If a MPI application is launched on multiple nodes, VTune Profiler creates a number of result directories per compute node in the current directory encapsulating the data for all the ranks running on the node in the same directory.

Please refer the below link to know the utilization of both the tools with MPI, Intel Advisor and Intel VTune profiler, to collect performance data at the node and core level

https://software.intel.com/content/www/us/en/develop/articles/using-intel-advisor-and-vtune-amplifie...

A separate tool exists to record the details of the communication patterns and communication costs of an MPI application, the Intel® Trace Analyzer and Collector. The information provided by VTune™ Amplifier and Intel® Advisor is focused on the core and node performance, and complements the specific MPI communication details provided by the Intel® Trace Analyzer and Collector.

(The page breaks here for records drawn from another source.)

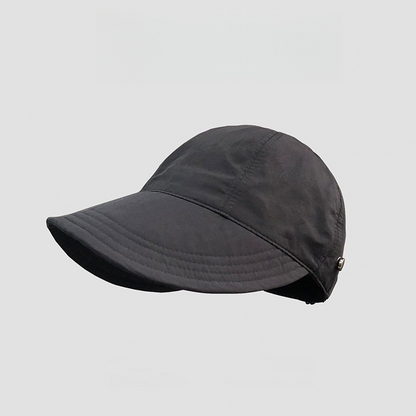 ☀️ Premium Wide Brim Sun Hat | UPF 50+ UV Protection, Foldable & Breathable Summer Essential ✨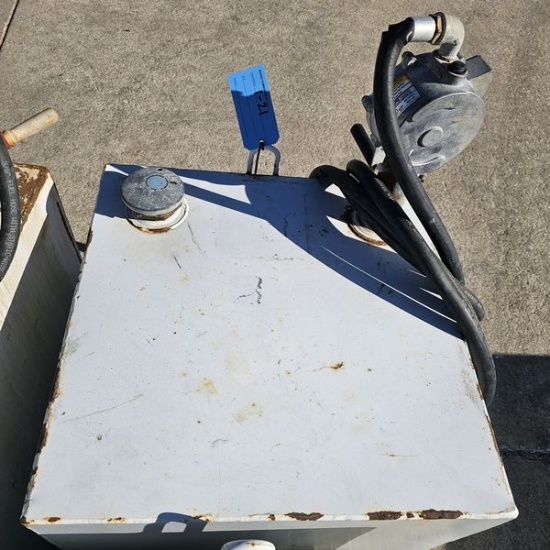25Gal Fuel Tank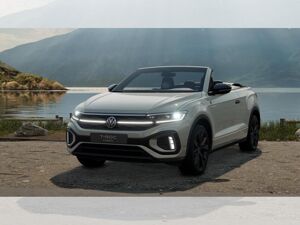 Volkswagen T-Roc Cabriolet 1.5 TSI R-Line DSG Edit. Karmann Plus Matrix AHK Standhzg. bild 5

Please check this and let us know if this works.


Regards,

Alekhya


i9
Beginner
402 Views

Thank you very much for your reply.

 

The version of VTune is `Intel(R) VTune(TM) Amplifier 2018 Update 4 (build 574913) Command Line Tool`, so I would use amplxe-cl instead.

 

May I show you more details for this experiment? There are 6 MPI procs launched on each node and on the last single node, 1 MPI proc is utilized to perform parallel io. I want to focus more on the performance of this parallel io MPI proc. Is measuring all nodes necessary?

 

Bests

AlekhyaV_Intel
Moderator
373 Views

Hi,


Profiling runs in Vtune would include profiling all the MPI processes inside a node, or a single MPI process on each node. You could use selective profiling to reduce the size of the results collected by VTune Profiler.


We have provided a command to profile a single mpi process after building the application. Among the 64 processes, 16 processes are allocated per node. Using option "-gtool"  you could launch tools such as Intel® VTune profiler, Intel Advisor, and GNU Debugger (GDB) for the specified processes through the mpiexec.hydra and mpirun commands and profile the required process.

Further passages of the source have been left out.